Hello,
I am working on analysis of American Community Survey (ACS) data for local city government. One portion of the analysis involves exploring potential childhood hunger issue. I have 3 layers:
Using these 3 layers together, what tools can I use to determine which Census Block Groups are of the the highest priority concerning childhood hunger? I figure this is some kind of overlay/statistical analysis, but not sure which ones will work for my needs. Thank you for any help you can provide.
Andy
Solved! Go to Solution.
Lots of suggestions... but a caution,
Although tools will run on data, there are underlying assumptions that the tools don't check.
For instance, correlation and regression...
What if you find out what the assumption is, then perform an analysis of the distribution of the data (descriptive stats and tests of the distribution).
This tome is just a cautionary tale about being swayed by the beauty and speed of a 'tool' or 'method of analysis' without accepting the fact that the results may be completely spurious because you didn't do your 'homework'
I have seen too many term projects that might even have been captured in books like this....
Sadly some of the examples ring too true.... proceed with caution in your analysis.... the 'pile' is deep enough
For vector data look at intersect and union in
An overview of the Overlay toolset—Help | ArcGIS Desktop
depending on the attributes that you want in the tables.
The tools exist in ArcMap and ArcGIS Pro
Thanks for the response Dan! To clarify, my issue is not getting all the data to appear in same census block groups (as I can do this via join), but that I want to find trend between the census block groups that have:
I figure I could do this by manually choosing definition queries for each layer and running intersect to see where they are coincident. However, I think I'm looking for more of statistics approach to evaluate all three of the variables to show me where potential childhood hunger exists. Does that make sense from spatial analysis perspective? Thanks for the help!
Andy, performing the basic intersects to get the data into a tabular form that you can work with. Some of the variables may be self evident or non-causal.

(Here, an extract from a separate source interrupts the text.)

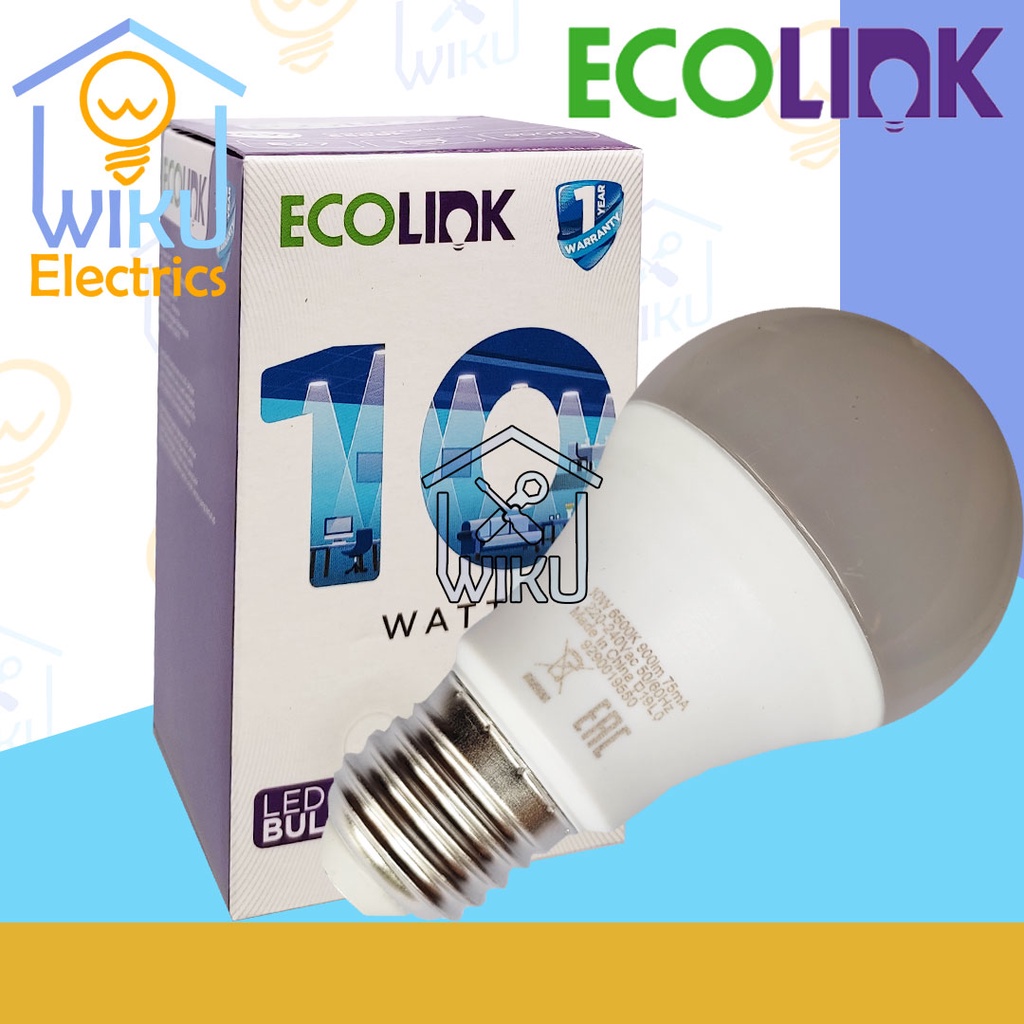 Jual Ecolink Lampu Bohlam Led W Kantor Rumah Watt Terang Shopee Indonesia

I would drop the word "trend" since you are implying correlation. If you have a look at the spatial intersections it might give you a start for where to gather real information, such as schools in those areas that have breakfast programs,... in-community support centers, food banks, church food programs etc. A higher concentration of these might be indicators of where action is being taken to stave off inadequate nutrition. Perhaps, these are NOT the areas to examine because actions are being done... perhaps it is the areas peripheral (maybe physically, or economically) that the issue might be addressed
Building on from what Dan suggested, what you have provided are three independent or explanatory variables (1 - high number of households receiving food stamps, 2 - low median household income, 3 - high number of children under 18). If you want to start exploring for statistical relationships then you need a feature layer with a dependent variable that varies in abundance.
If you do have access to a layer with a dependent variable, then Ordinary Least Squares (OLS), Geographically Weighted Regression (GWR) or Forest-based Classification and Regression may be useful tools in exploring your data.
Do take a look at Regression analysis basics—ArcGIS Pro | ArcGIS Desktop for more information.
Andy,
Take a look on the Hot Spot Analysis. I think is exactly what you are looking for.
Lots of suggestions... but a caution,
Although tools will run on data, there are underlying assumptions that the tools don't check.
For instance, correlation and regression...
What if you find out what the assumption is, then perform an analysis of the distribution of the data (descriptive stats and tests of the distribution).
This tome is just a cautionary tale about being swayed by the beauty and speed of a 'tool' or 'method of analysis' without accepting the fact that the results may be completely spurious because you didn't do your 'homework'
I have seen too many term projects that might even have been captured in books like this....
Sadly some of the examples ring too true.... proceed with caution in your analysis.... the 'pile' is deep enough
Thank you all for the replies. I now have a better understanding of how to proceed analyzing and visualizing the data. As Dan and Mervyn mentioned, it's very important to consider the underlying assumptions. For the purpose of my project, which is mainly exploratory, I'm just going to use simple maps showing the layers with graduated symbols/colors. I don't think statistical analysis is necessary or appropriate for this portion of the project. Happy mapping everyone!